La jeune fille rougit légèrement sous l'effet de cette soudaine intimité de la part de son bien-aimé et dit : « Frère Jingyi, tu ne dois pas décevoir Mi'er. Mi'er a tout sacrifié pour toi… »

« Je sais. » Jing Yi enlaça doucement Huan Mi, le regard empli d'une froideur meurtrière que Huan Mi ne pouvait percevoir. « Alors, ce que ton frère Jing Yi veut te dire, c'est… ne tombe pas amoureuse de quelqu'un qui ne t'aime pas du tout, car quoi que tu fasses pour lui, tu ne seras jamais la personne qu'il regarde… »

Dans un bruit sourd, la dague froide transperça la chair fragile.

Jing Yi lâcha la personne qu'il tenait dans ses bras. Huan Mi, se tenant le ventre ensanglanté, s'effondra au sol. Les yeux emplis de confusion, elle regarda Jing Yi : « Pourquoi… »

Jing Yi sortit un mouchoir en soie pour essuyer le sang laissé par Huan Mi sur le poignard. « Car seul un fou se laisserait faire aveuglément. Une personne intelligente devrait tout faire pour le récupérer. »

Huan Mi n'a jamais compris ce principe jusqu'à sa mort.

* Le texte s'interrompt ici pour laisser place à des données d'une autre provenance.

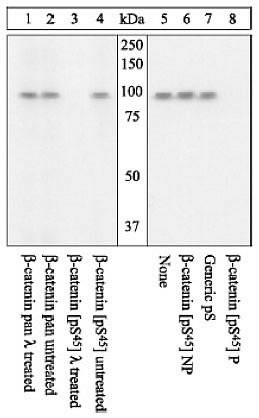 Phospho-beta Catenin (Ser45) Antibody in Western Blot (WB)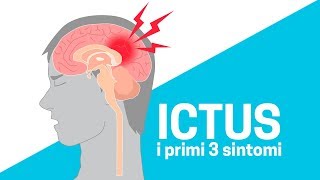 ICTUS i primi 3 sintomi  ForumSalute [upl. by Ilan]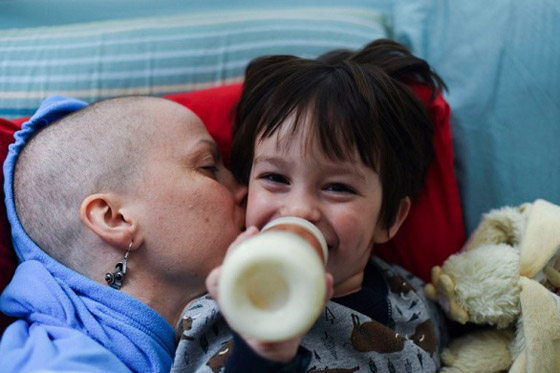 توثق رحلتها مع سرطان الثدي بصور واقعية يومية صورة رقم 5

Ses yeux s'écarquillèrent de terreur, fixant intensément son amant non réciproque avec un sentiment de perplexité éternelle.

«Trouvons un endroit pour l'enterrer.»

Jingyi sortit de la pièce et donna des instructions aux soldats. Il vit ensuite Huan Changming sortir rapidement et se diriger vers l'endroit où Huan Juntian et Qu Surou étaient détenus.

« Que s'est-il passé ? » demanda-t-il aux soldats à l'extérieur.

« J'ai rapporté à Lord Jing que ce sont les prisonnières qui causent les problèmes. »

Jingyi souhaitait inconsciemment aller aider Huan Changming à résoudre ses problèmes, mais il s'arrêta brusquement à mi-chemin.

Il se souvint de ce qu'il venait de dire à Huan Mi, mais se surprit alors à retomber dans ses vieilles habitudes.

Après un moment d'hésitation, il se retourna et se dirigea vers la chambre de Huan Changming, où il aperçut Lu Pianpian à travers la porte entrouverte.

Lu Pianpian s'appuya contre la rambarde du lit, les yeux vitreux, regardant vers la porte, la voix rauque lorsqu'elle demanda : « Que veux-tu faire ? »

Lorsqu'il fut découvert, Jing Yi fut immédiatement déstabilisé. Dans sa précipitation, il poussa la porte et se retrouva face à face avec Lu Pianpian.

Voyant l'air maladif de Lu Pianpian, si différente de son entrain habituel, il se sentit plus confiant. « Il semble que vous ne vous inquiétiez absolument pas pour la sécurité de Mlle Qu et de Huan Juntian. Êtes-vous à l'aise dans le lit de Sa Majesté ? »

Lu Pianpian serra la couverture sous lui. S'il avait pu, il aurait préféré être enfermé dans une cage avec ses frères aîné et cadet plutôt que de partager un lit avec Huan Changming.